** WHAT IS BEING ASKED **
When you transcribe the listing that follows, keep every line exact and skip any picture.

** DATASET EXTRACT **
== Segment start ==
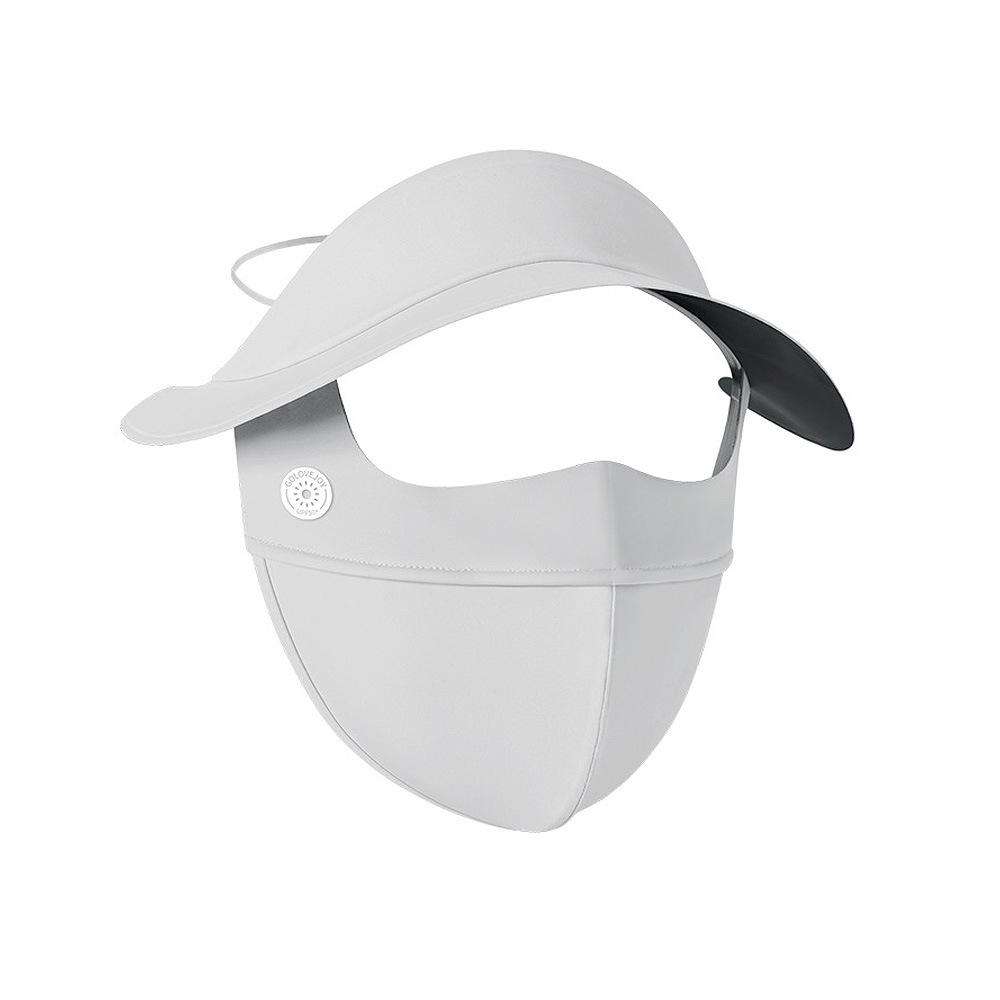 Women's Full Face Black Sunscreen Mask - Anti-Smudge, Three-Dimensional Ice Silk with Glue Brim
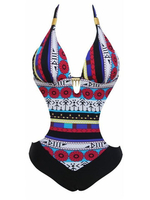 Women Sexy Bohemia Printing One Piece Bikini Backless Padded Bathing Suit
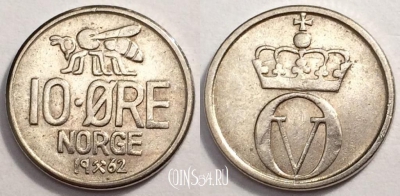 Норвегия 10 эре 1962 года, KM# 411, 081-015b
== Segment end ==
** TASK RESPONSE **
 Women's Full Face Black Sunscreen Mask - Anti-Smudge, Three-Dimensional Ice Silk with Glue Brim
 Women Sexy Bohemia Printing One Piece Bikini Backless Padded Bathing Suit
 Норвегия 10 эре 1962 года, KM# 411, 081-015b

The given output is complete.